SK Gaming and Fnatic were the only entering Legends to advance to the playoff stage and retain their Legend status: the fewest in Major history. The two teams continued their respective streaks of making the playoffs at all Majors attended, with Fnatic's run starting at Dreamhack Winter 2013 and SK Gaming's run starting at ESL One Katowice 2015 as Keyd Stars. The new Legends at Boston 2018 were FaZe Clan, G2 Esports, Natus Vincere, Quantum Bellator Fire, Cloud9, and mousesports. Defending champions Gambit Esports, along with 100 Thieves (formerly Immortals), Astralis, BIG, North, and Virtus.pro, lost their Legend status. This marked the first time in Major history that Astralis's core – Nicolai "dev1ce" Reedtz, Peter "dupreeh" Rothmann, and Andreas "Xyp9x" Højsleth – did not make the playoffs. This left Olof "olofmeister" Kajbjer of FaZe Clan and Freddy "KRIMZ" Johansson of Fnatic the two remaining players to have been Legends at all twelve majors.
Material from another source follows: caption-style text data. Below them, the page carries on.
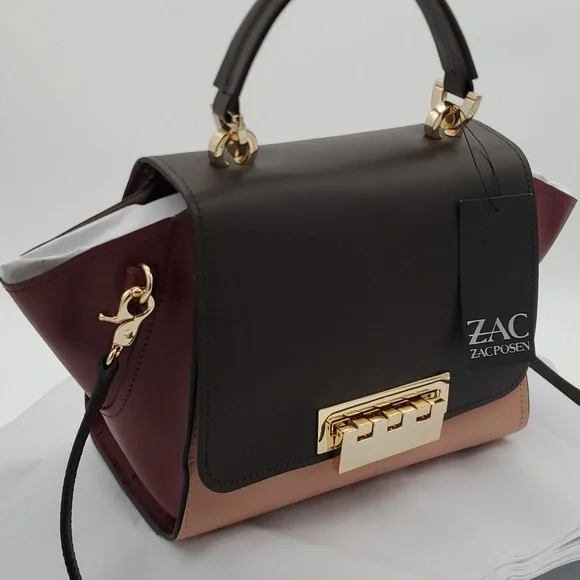 NWT Zac Zac Posen Eartha Medium Crossbody bag tote Leather Cedar shoulder purse - Picture 4 of 7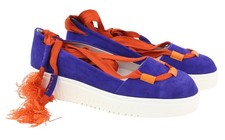 Emporio Armani X3X085 Chaussures Femmes EU37 Bleu Daim Lacets Détail Semelle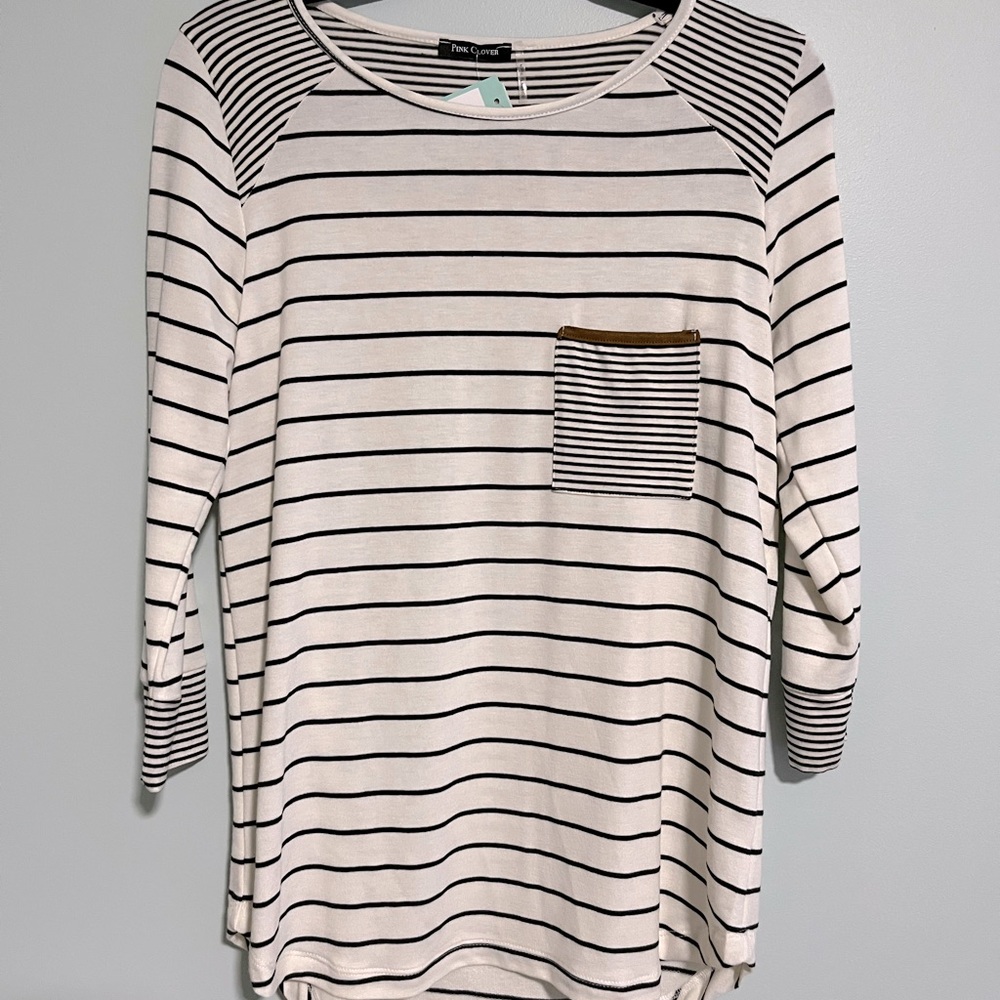 Pink Clover, Small, white and black striped 3/4 sleeve knit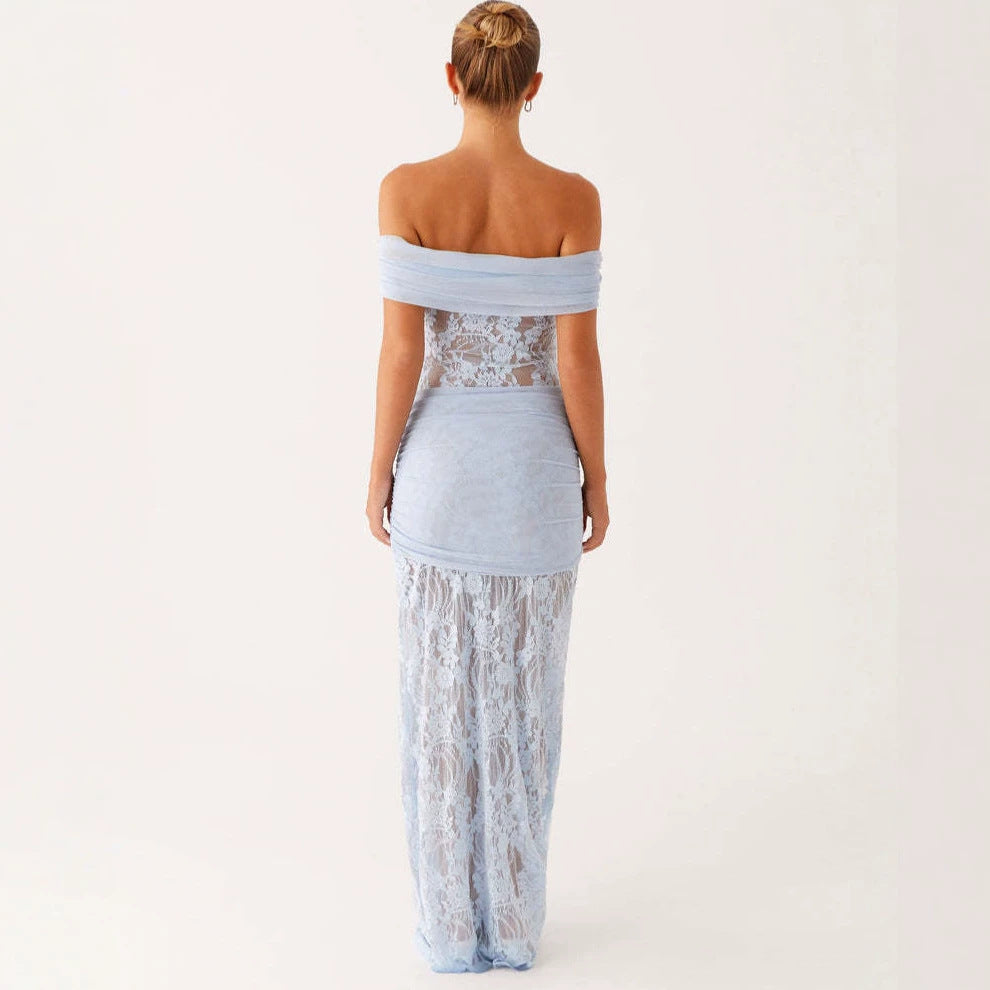 Damen Elegant drapiertes Spitzenkleid mit off-shoulder Design R&B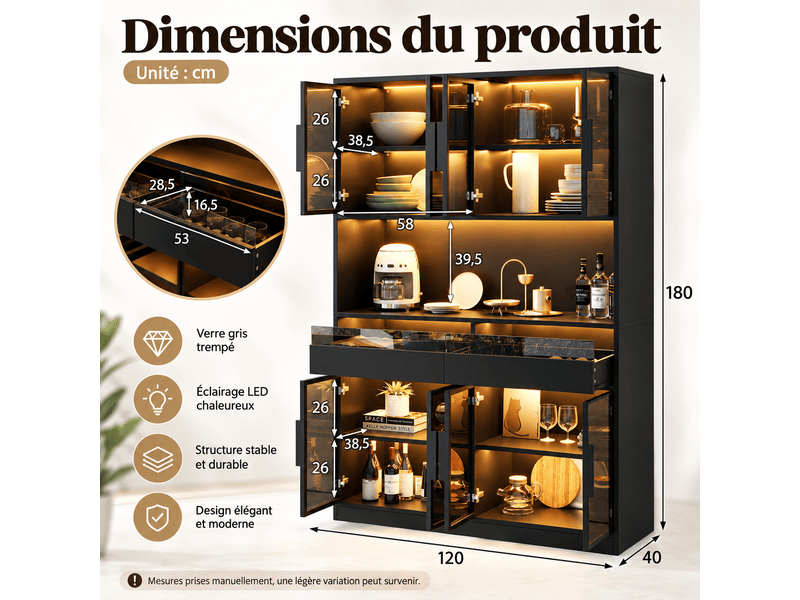  Vitrine led 120x40x180 cm avec 8 portes en verre trempé, 2 tiroirs et niche ouverte, meuble vitrine en mdf et verre, gris OMNIGLINT TRADING LTD - Conforama C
The grand finals featured FaZe Clan, the favorite to win the tournament, and Cloud9, the second North American team to reach a Major final. FaZe defeated mousesports and Natus Vincere to reach the finals, while Cloud9 pulled off two upsets with wins against G2 Esports and SK Gaming. Cloud9 etched out the win over FaZe Clan to become the first North American team to win a Major. It would also mark just the fourth time in CS:GO history in which a North American team won a premier international event, after iBUYPOWER winning the ESEA Global Finals Season 15, Cloud9 winning ESL Pro League Season 4, and OpTic Gaming winning ELEAGUE Season 2.

==Background==
Counter-Strike: Global Offensive (CS:GO) is a multiplayer first-person shooter video game developed by Hidden Path Entertainment and Valve. It is the fourth game in the Counter-Strike series. In professional CS:GO, the Valve-sponsored Majors are the most prestigious tournaments.
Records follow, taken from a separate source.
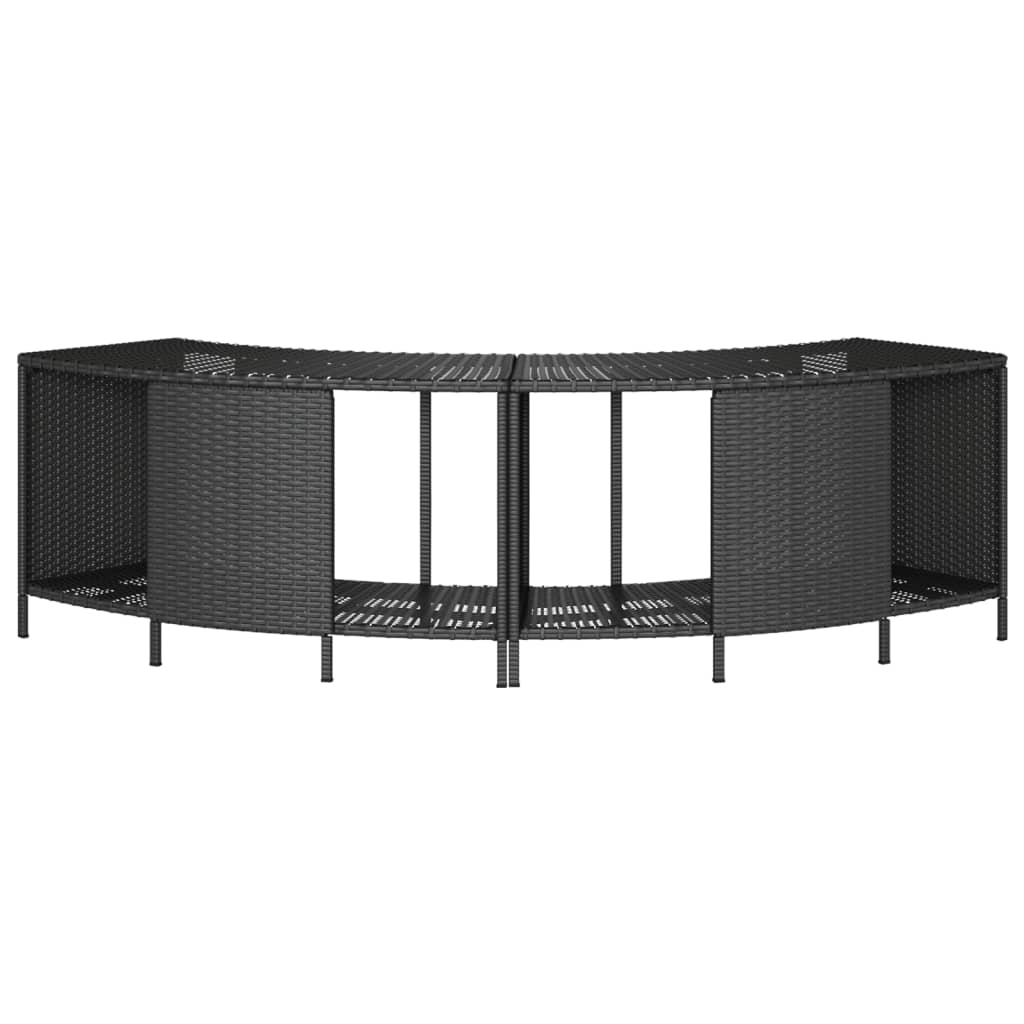 vidaXL Storage Shelves for Hot Tub Shelf Unit Outdoor Garden 2 Pcs Poly Rattan-4
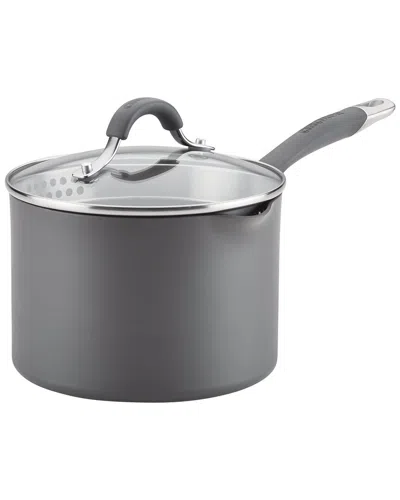 Circulon Radiance Hard-anodized Nonstick Straining Sauce Pan In Gray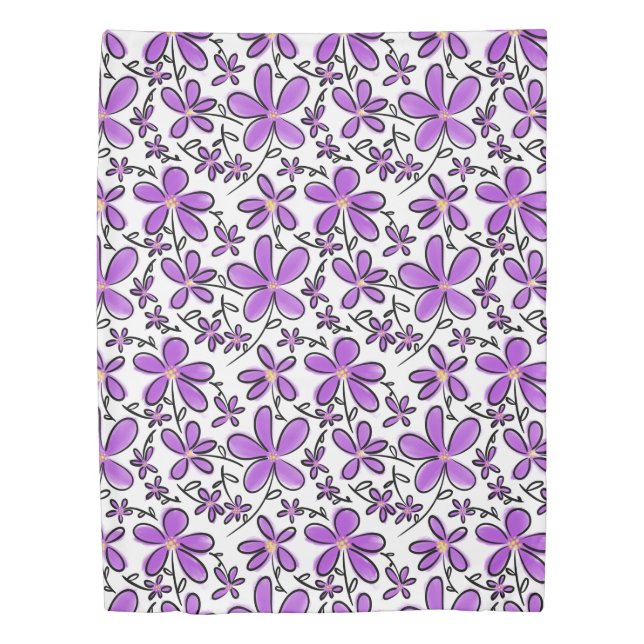 Cute purple flower pattern duvet cover (Front)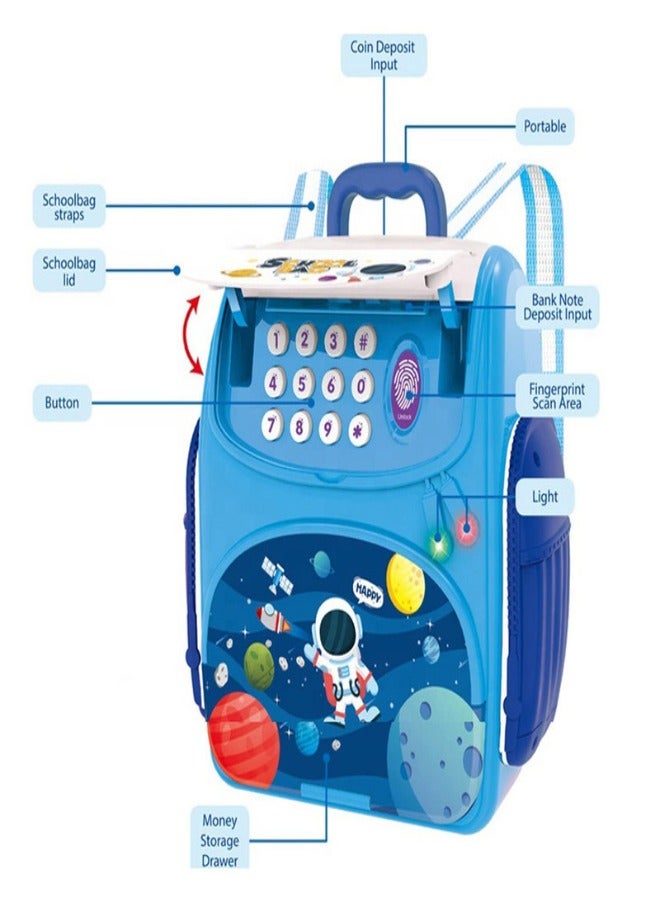 Basmah School Bag Cash Box Musical Battery Not Included Blue 24-2295987 - Image 2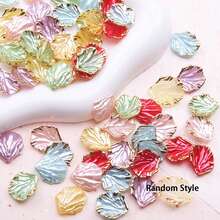 ABS Gold-Rimmed Faux Shell Petal Pendant, Random Mixed Color Glossy Shell Charm, DIY Bracelet Necklace Handmade Jewelry Making Accessories - Multicolor - View 22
The defending champion was Gambit Esports, which became the first Asian team, and just the second non-European team, to win a Major with their win at Kraków 2017. The Swedish team Fnatic attended as the most decorated CS:GO team in Major history, with three wins.

==Format==
On December 13, 2017, ELEAGUE announced a revamp of the Major format, designed by Valve and ELEAGUE. The offline qualifier preceding the Major would be rebranded as part of the main Major and be called the "New Challengers stage." The teams in this qualifier would be given in-game stickers and receive the associated revenue. Four regional Minors – Americas, Asia, CIS, and Europe – sent two teams each to the New Challengers stage, competing against the bottom eight teams from the previous Major, Kraków 2017. The New Challengers stage was a Swiss-system tournament that took place in Atlanta from January 19, 2018, to January 22, 2018.

The top eight teams moved on to the "New Legends stage", which replaced the group stages of previous Majors. This stage also included the eight Legends from the previous Major, creating a 16-team group stage similar to previous Majors. Like the Challengers stage, the Legends stage used a Swiss-system format, and the top eight teams from this stage moved on to the playoff round. The playoffs, now known as the "Champions stage", remained a single elimination, best-of-three bracket.

===Map pool===
The map pool remained the same as at the previous major, even though Valve released the new version of Dust II in October 2017.

| ;Maps *Cache *Cobblestone *Inferno *Mirage *Nuke *Overpass *Train |

==Regional qualifiers==
Each regional qualifier, called "Minors", featured eight teams, whether through direct invitation or through qualifiers. Each minor featured two groups of four teams; these groups were in GSL double elimination formats, which was the format used at every major until the ELEAGUE Major, with the initial matches and winners match being best of ones and the losers and decider series being best of three. Two teams of each group qualify for the bracket phase, which is a four team, double elimination, best of three bracket. Two teams qualify for the major qualifier from each minor.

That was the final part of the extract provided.